# Pure power vs critical mass



## Raisin Jackson (Nov 17, 2009)

Trying to choose between the 2, obviously looking for a high yeilder.. I've read the ppp is a pure sativa, where the cm is indica. I can order ppp feminized, cm is only offered as a standard, so I favor cm for not being pure sativa, but like ppp being offered as feminized. The big question is yeild and quality, best bag appeal while being a pleaser and still yeilding big for me. This won't be my personal stash, that'll probably always be Jack herer and bobo.

Any opinions from those who've tried them? I've smoked and grown big bud and was actually quite surprised at the quality, but dissapointed with the yeild.

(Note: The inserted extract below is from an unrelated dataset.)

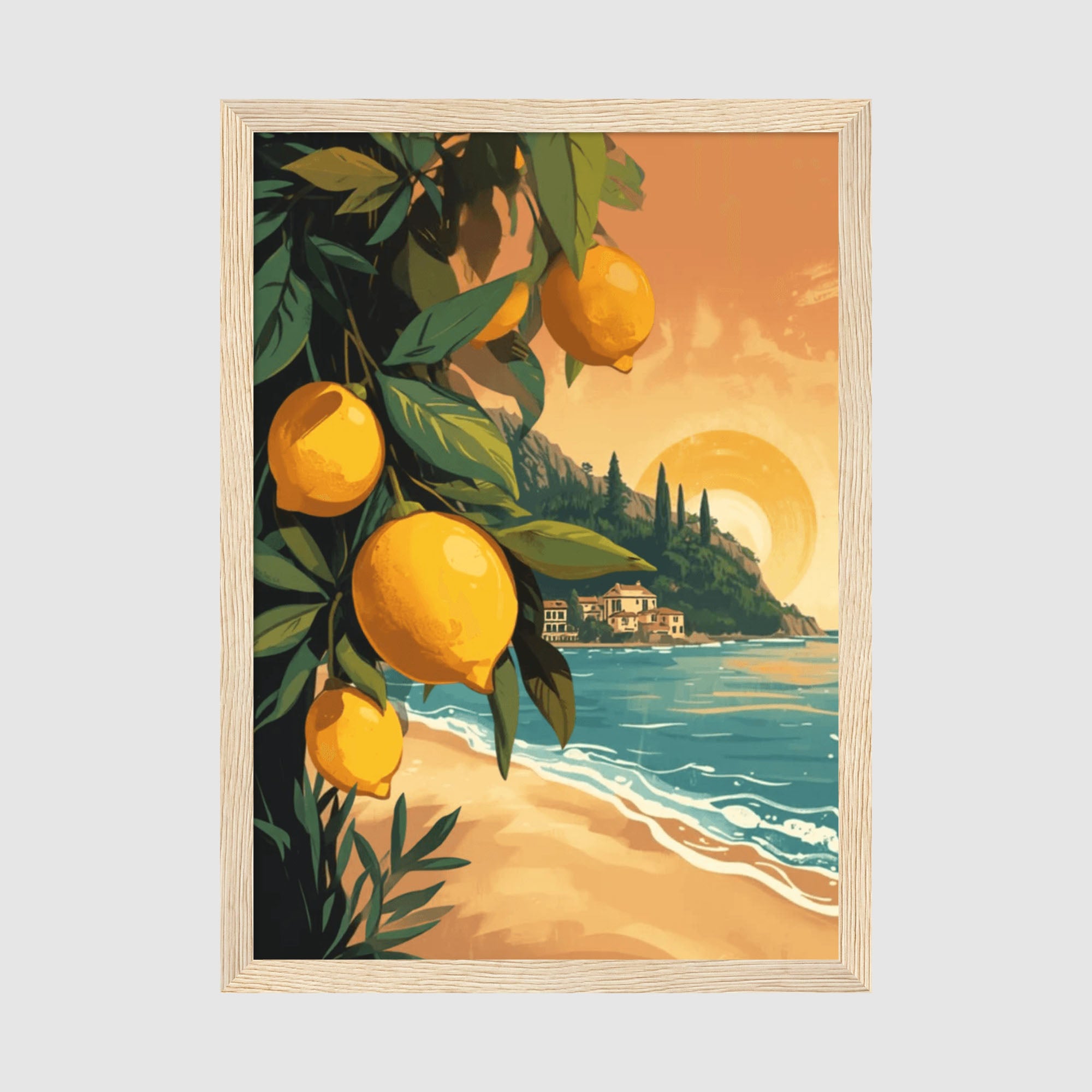 Framed Poster A2 Natural Wood Frame - Detailed botanical and architectural artwork showing lemons on foliage with turquoise water, sandy beach, and Mediterranean architecture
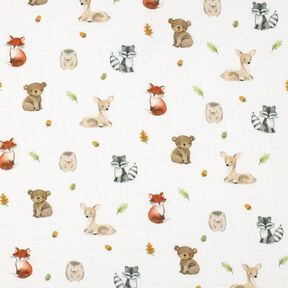 Musselin/ Doppel-Krinkel Gewebe Waldtiere Digitaldruck | Poppy Fabrics – weiss/terracotta,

This will be hydro grown.


----------



## 420benny (Dec 5, 2009)

I grew out ppp this year outside. See my gj. I lost half of one when hard rains split the main stalk right down the middle. It also got powder mold late in flower. I ended up harvesting a couple weeks early. Yield was good at 603 for 1.5 6 foot plants. Nice sativa buzz, good tasting, too. It was going to be almost November before she was ready. That is too late for me here. Hope this helps.


----------



## legalize_freedom (Dec 5, 2009)

I grew critical mass afew yrs ago outdoors...it's good pot (7 out of 10), with a decent yeild (7/10), I would say compareable to Big Bud...it was not my best yeilder though by far.  My best has been Mango, but I don't know if I would attempt to grow it indoors.  Outdoors it got to like over 8 ft...it was huge!  When I did the Mango though it came from KC, I see now that some of the other breeders have taken it, and may have stabalized it to be shorter for indoor.  I know Mango was not on your list,...lol sorry.  Critical is decent if your growing it for commercial reasons, but I have gotten the same to sometimes better yeilds off of NL#5...I don't know what it (CM) would do inside??


----------